1) Executive Summary

This project aims to answer questions related to energy efficiency (miles per gallon) of cars with auto & manual gears, based on the “mtcars” data set.

Predictive Modelling Process has been adopted to find out the answers with the use of lm, glm and splines in lm modelling.

The first step followed in model building process was to understand the data, with the help of graphs/plots. Since we have multiple predictors, we needed to understand the characteristics of the predictors and relationships among them.

Scanning through the data would also identify the Data Pre-Processing needs.

The next step taken was to identify & built the models and then evaluate these models.
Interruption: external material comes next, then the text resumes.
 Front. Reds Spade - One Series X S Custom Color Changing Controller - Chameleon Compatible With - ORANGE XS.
Model evaluation & model performance comparison was done with “cross validation” in caret package,and models’ RMSE & R-Square values.

Model assumptions were checked with four disgonestic plots vi. the residual plots, qq plots for normality, Scale-Location plots & Residuals vs. Leverage plot.
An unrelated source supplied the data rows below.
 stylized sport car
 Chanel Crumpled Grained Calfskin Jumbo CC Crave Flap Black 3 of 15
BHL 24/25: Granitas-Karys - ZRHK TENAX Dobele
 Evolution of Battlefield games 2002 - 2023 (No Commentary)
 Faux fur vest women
The Best performing model was chosen for answering the questions!

Refer clause (7) below for answers, Annexture A for graphs/plots & Annexture B for R codes.

2) Understanding the data

The basic data structure was understood with ?mtcars (details not produced here for the sake of brevity). Further scanning was done with str(mtcars) command.

mtcars is 32X11 data frame. Number of observations are limited to 32 only, & with mpg as response, 10 predictors are available for prediction.

It was decided to convert vs & am into categorical variables, and cyl,gear & carb into ordered variables.

3) Understanding relationship of predictors with plots

Observations based on pair plots (reference - Figure1 in Annex A)
  1. We can see multi-collinearity in this data.
  2. some curvature in found in relations, hence we will also use glm, in addition to lm function and-
  3. we will introduce spline for hp variable.

We will confirm multicolinearity of continuous variables first.

Observations based on output of cor function :
  1. We can see strong correlation among factors except qsec.

  2. For categorical variables, visual patterns can be deceptive, hence we will use VIF function to calculate Variation Inflation Factor to confirm the collinearity.

## Loading required package: carData
Observations:

GVIF^(1/(2*Df)) is crucial to detect collinearity among categorical variables. Value around 1 to 1.5 indicates very low collinearity.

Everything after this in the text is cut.